Closed beginnertobioinformatics closed 1 year ago
sufyazi
commented
1 year ago Hello,
I am not Mette who is the dev of TOBIAS, but I can try pointing you to the right direction for your second question.
See here, a question I asked before. Basically, CreateNetwork does not currently handle these heterodimeric motifs.
beginnertobioinformatics
commented
1 year ago Thank you so much! I had thought this might have already been posted under "Issues," but missed that post when I was looking through. Thank you!
msbentsen
commented
1 year ago I would have answered exactly the same as @sufyazi, thank you! I will close this issue, but feel free to reopen in case it's not resolved.
beginnertobioinformatics
commented
1 year ago Yes, thank you. With regards to my first question about how footprints are being detected where peaks supposedly weren't called for said condition, I am guessing this has to do with the initial step before this pipeline of the merging of all .bed files to create a union set of peaks?
msbentsen
commented
1 year ago With regards to my first question about how footprints are being detected where peaks supposedly weren't called for said condition
Sorry, I missed the original question. Yes, it might happen that a peak is called for condition A but not for condition B, even though both are similar in signal - that depends on the peak-calling algorithm and how it chooses what is a peak or not. it might be a false negative. So since the input to TOBIAS is all peaks (merged from A and B), it can still happen that you find bound TFBS in condition B although the peak was not called. I would not worry too much about the origin of the peak and just refer to these as a "search field of open chromatin", which may or may not be open in that specific condition. Hope that makes sense.
beginnertobioinformatics
commented
1 year ago Thank you for the clarification!
Hello,
This is more of a conceptual clarification on BINDetect and the output "(condition)_bound.bed" files. I have two conditions (Control and Treatment) in my data and ran BINDetect to determine differential transcription factor binding between the two conditions. When looking at the treatment_bound.bed files, I was expecting that all of the peaks within which footprints were identified would be peaks that were called from either my Treatment sample data alone or were called for both my Control and Treatment samples. However, a fair amount of footprints in the treatment_bound.bed files seemed to fall within peaks that were only called for my Control sample. The opposite is also true for my control_bound.bed files-- a fair amount of the footprints there fall within peaks that were only called for my Treatment sample.

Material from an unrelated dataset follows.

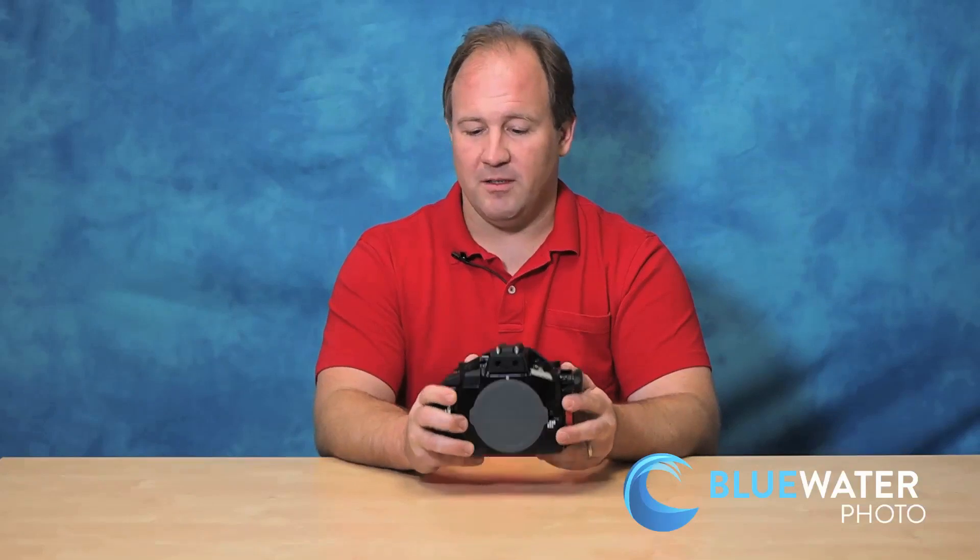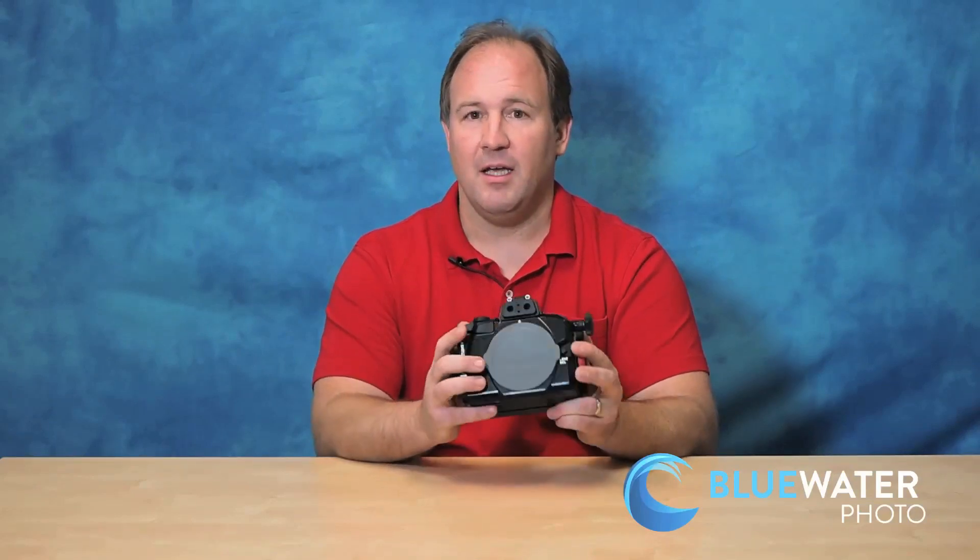Overall, these Olympus mirrorless setups are becoming really popular and the Nauticam housings are an outstanding choice. On our website you'll see a lot of photos that myself and my coworkers have taken with the EM-10 and the EM-1, and again they have the same sensor — you're going to be getting the exact same images with both cameras. This is just a little smaller and a little less expensive. I think the EM-1 is the pro version of the EM-10. If you have any questions, please don't hesitate to call us or contact us via phone or email. You can get all the contact information at www.bluewaterphotostore.com — thanks for viewing the video.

Is this normal? Or does this indicate that something is wrong with either my files/my analysis?
-- I also had a question regarding CreateNetwork. When I ran BINDetect, I used a file containing the JASPAR motifs identified for Mus Musculus as the --motifs input. As a result, some of the motifs are dimers (e.g. Fos::Jun) that don't map to a single Ensembl ID, which means that when running CreateNetwork, these dimers seem to be ignored. Is there any way that's typically recommended in order to bypass this issue?
Thank you so much for your insight! This pipeline has been so incredibly helpful and informative for me as a beginner to ATAC-seq!